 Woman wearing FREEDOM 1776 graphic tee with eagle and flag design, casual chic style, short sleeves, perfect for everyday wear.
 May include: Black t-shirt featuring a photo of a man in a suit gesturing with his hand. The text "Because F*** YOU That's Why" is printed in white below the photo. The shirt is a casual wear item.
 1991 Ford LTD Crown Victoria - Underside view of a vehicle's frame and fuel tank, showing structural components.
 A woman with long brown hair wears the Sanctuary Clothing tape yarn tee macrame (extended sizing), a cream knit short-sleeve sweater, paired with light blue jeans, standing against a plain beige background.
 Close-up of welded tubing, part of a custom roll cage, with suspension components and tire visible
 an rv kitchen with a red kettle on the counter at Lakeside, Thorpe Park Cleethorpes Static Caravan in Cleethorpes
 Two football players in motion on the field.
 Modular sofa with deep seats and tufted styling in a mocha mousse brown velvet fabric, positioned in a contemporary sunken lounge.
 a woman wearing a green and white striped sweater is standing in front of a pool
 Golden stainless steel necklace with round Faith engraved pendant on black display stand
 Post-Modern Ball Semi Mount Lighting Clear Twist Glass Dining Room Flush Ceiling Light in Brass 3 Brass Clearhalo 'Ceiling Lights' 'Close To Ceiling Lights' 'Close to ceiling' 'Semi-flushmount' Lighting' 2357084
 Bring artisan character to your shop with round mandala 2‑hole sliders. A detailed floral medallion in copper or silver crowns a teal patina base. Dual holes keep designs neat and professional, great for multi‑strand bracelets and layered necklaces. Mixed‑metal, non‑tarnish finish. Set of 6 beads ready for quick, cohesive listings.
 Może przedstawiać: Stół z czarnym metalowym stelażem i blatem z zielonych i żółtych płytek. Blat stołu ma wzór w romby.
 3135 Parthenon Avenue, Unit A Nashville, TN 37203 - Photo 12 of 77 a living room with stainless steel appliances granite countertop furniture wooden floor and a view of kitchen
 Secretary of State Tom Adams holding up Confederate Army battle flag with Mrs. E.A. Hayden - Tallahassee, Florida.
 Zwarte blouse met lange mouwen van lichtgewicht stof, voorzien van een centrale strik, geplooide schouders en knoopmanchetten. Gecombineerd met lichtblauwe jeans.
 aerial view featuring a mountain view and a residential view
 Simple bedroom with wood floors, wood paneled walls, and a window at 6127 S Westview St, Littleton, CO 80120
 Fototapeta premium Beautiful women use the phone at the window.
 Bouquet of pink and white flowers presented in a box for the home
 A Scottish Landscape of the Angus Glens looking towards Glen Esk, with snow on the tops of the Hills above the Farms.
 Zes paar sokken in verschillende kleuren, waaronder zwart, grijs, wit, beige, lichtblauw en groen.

* * * * * * * * *

Could you return the data above exactly as it stands?

▶ _Response to the exercise_
 Woman wearing FREEDOM 1776 graphic tee with eagle and flag design, casual chic style, short sleeves, perfect for everyday wear.
 May include: Black t-shirt featuring a photo of a man in a suit gesturing with his hand. The text "Because F*** YOU That's Why" is printed in white below the photo. The shirt is a casual wear item.
 1991 Ford LTD Crown Victoria - Underside view of a vehicle's frame and fuel tank, showing structural components.
 A woman with long brown hair wears the Sanctuary Clothing tape yarn tee macrame (extended sizing), a cream knit short-sleeve sweater, paired with light blue jeans, standing against a plain beige background.
 Close-up of welded tubing, part of a custom roll cage, with suspension components and tire visible
 an rv kitchen with a red kettle on the counter at Lakeside, Thorpe Park Cleethorpes Static Caravan in Cleethorpes
 Two football players in motion on the field.
 Modular sofa with deep seats and tufted styling in a mocha mousse brown velvet fabric, positioned in a contemporary sunken lounge.
 a woman wearing a green and white striped sweater is standing in front of a pool
 Golden stainless steel necklace with round Faith engraved pendant on black display stand
 Post-Modern Ball Semi Mount Lighting Clear Twist Glass Dining Room Flush Ceiling Light in Brass 3 Brass Clearhalo 'Ceiling Lights' 'Close To Ceiling Lights' 'Close to ceiling' 'Semi-flushmount' Lighting' 2357084
 Bring artisan character to your shop with round mandala 2‑hole sliders. A detailed floral medallion in copper or silver crowns a teal patina base. Dual holes keep designs neat and professional, great for multi‑strand bracelets and layered necklaces. Mixed‑metal, non‑tarnish finish. Set of 6 beads ready for quick, cohesive listings.
 Może przedstawiać: Stół z czarnym metalowym stelażem i blatem z zielonych i żółtych płytek. Blat stołu ma wzór w romby.
 3135 Parthenon Avenue, Unit A Nashville, TN 37203 - Photo 12 of 77 a living room with stainless steel appliances granite countertop furniture wooden floor and a view of kitchen
 Secretary of State Tom Adams holding up Confederate Army battle flag with Mrs. E.A. Hayden - Tallahassee, Florida.
 Zwarte blouse met lange mouwen van lichtgewicht stof, voorzien van een centrale strik, geplooide schouders en knoopmanchetten. Gecombineerd met lichtblauwe jeans.
 aerial view featuring a mountain view and a residential view
 Simple bedroom with wood floors, wood paneled walls, and a window at 6127 S Westview St, Littleton, CO 80120
 Fototapeta premium Beautiful women use the phone at the window.
 Bouquet of pink and white flowers presented in a box for the home
 A Scottish Landscape of the Angus Glens looking towards Glen Esk, with snow on the tops of the Hills above the Farms.
 Zes paar sokken in verschillende kleuren, waaronder zwart, grijs, wit, beige, lichtblauw en groen.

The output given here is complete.